Short web captions:
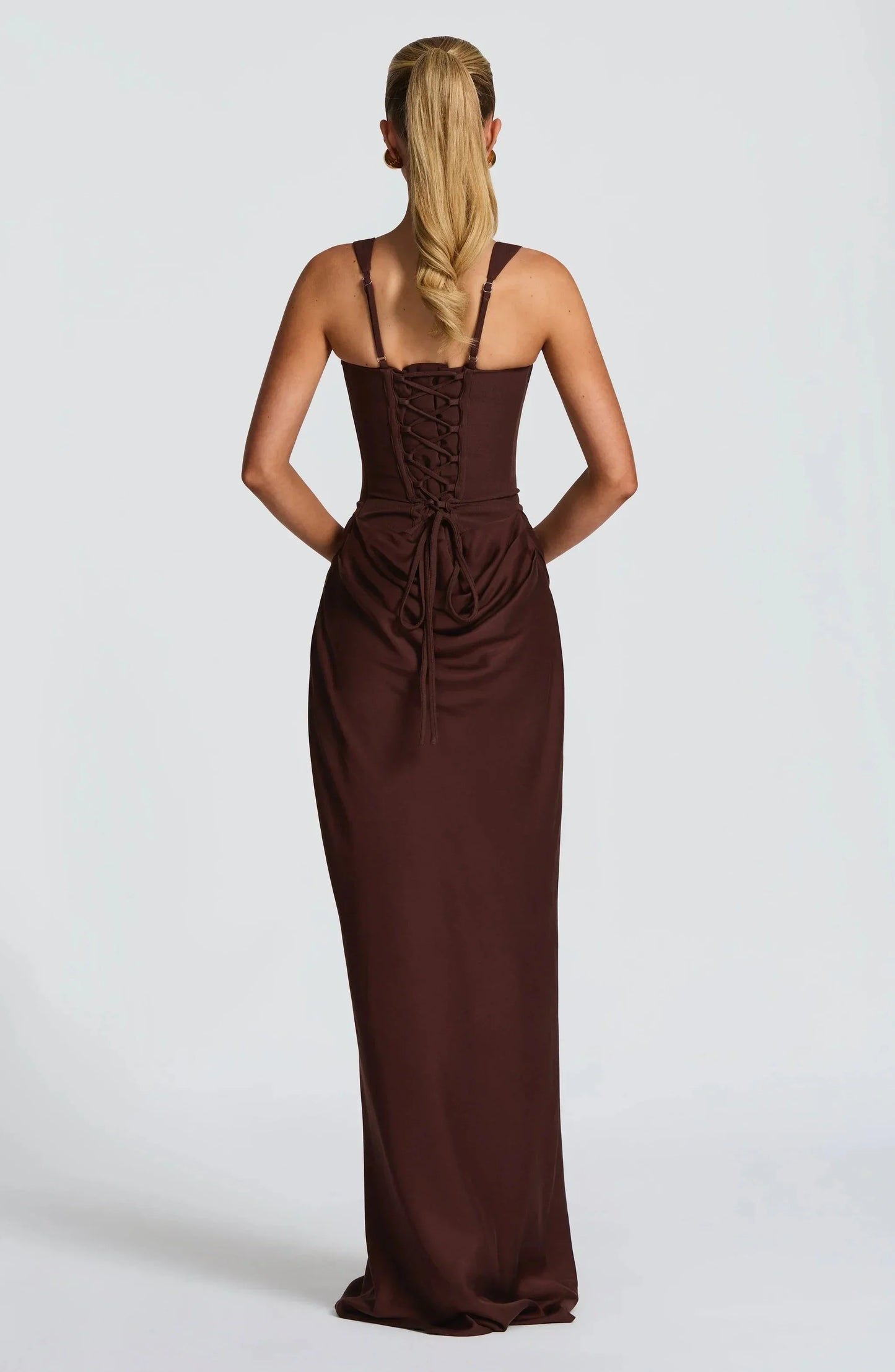 Galatea | Vestito Maxi Elegante in Raso Scollo Quadrato Aderente Schiena Nuda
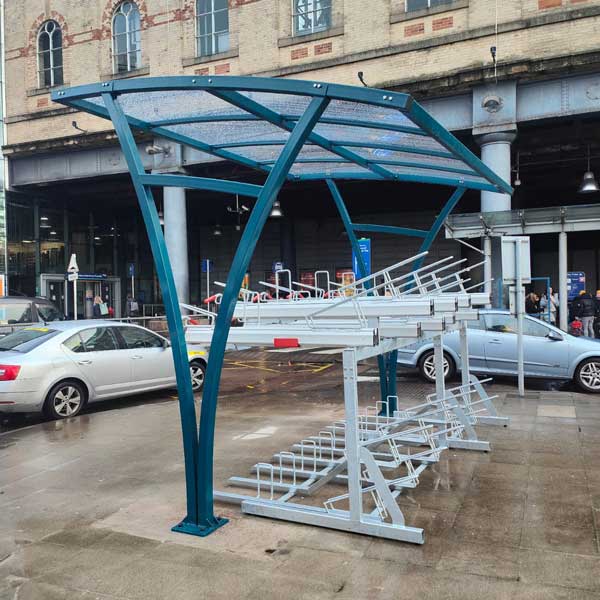 Fahrradparken an einem englischen Bahnhof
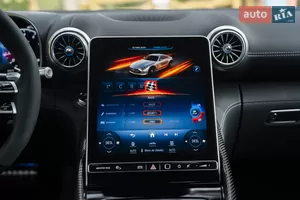 Персонализируйте свою поездку - Новый Mercedes-Benz AMG GT C192 купе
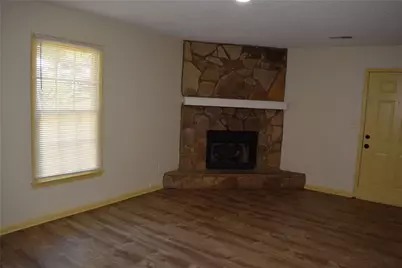 475 Holly Ridge Drive NW, Lilburn, GA 30047 - Photo 3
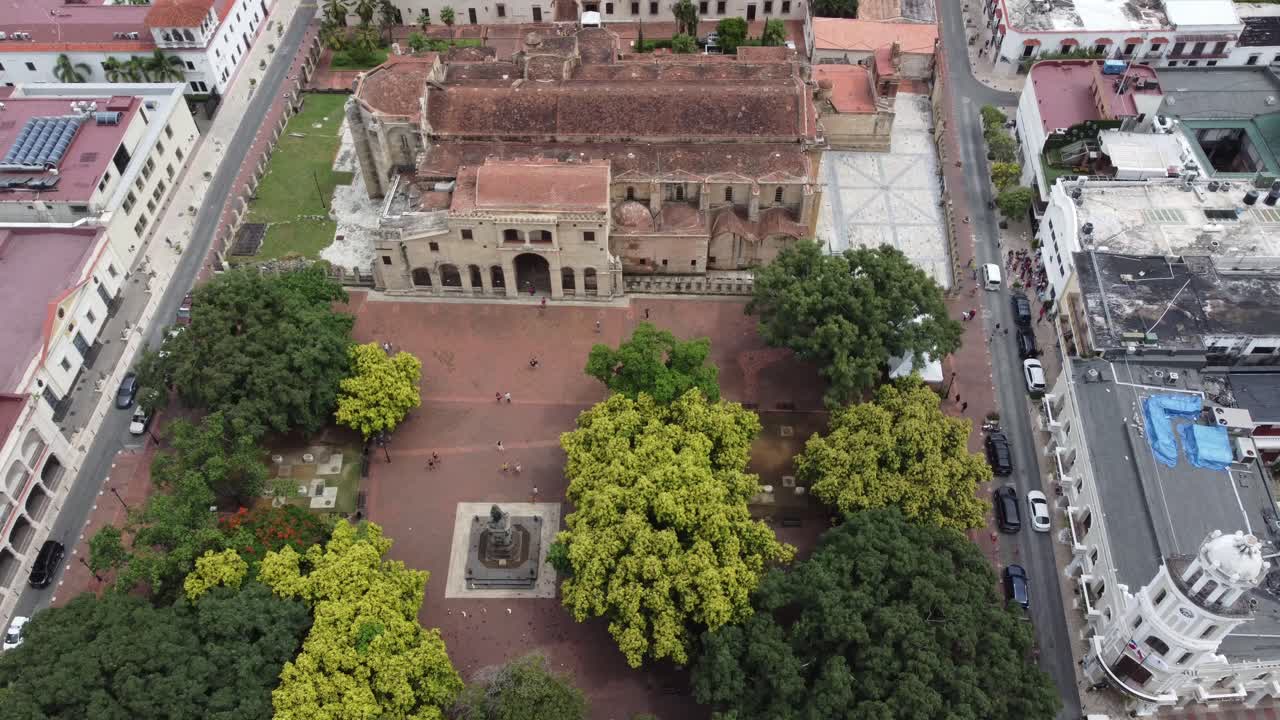 Aerial view of Columbus park and the cathedral Nuestra Se&ntilde;ora de la Encarnaci&oacute;n in the colonial district of Santo Domingo in the Dominican Republic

- TASK:
Go back to the line containing "475 Holly Ridge" and output it and every line after it through the end of the records, exactly, but not the pictures.

- RESPONSE TO THE TASK:
 475 Holly Ridge Drive NW, Lilburn, GA 30047 - Photo 3
 Aerial view of Columbus park and the cathedral Nuestra Se&ntilde;ora de la Encarnaci&oacute;n in the colonial district of Santo Domingo in the Dominican Republic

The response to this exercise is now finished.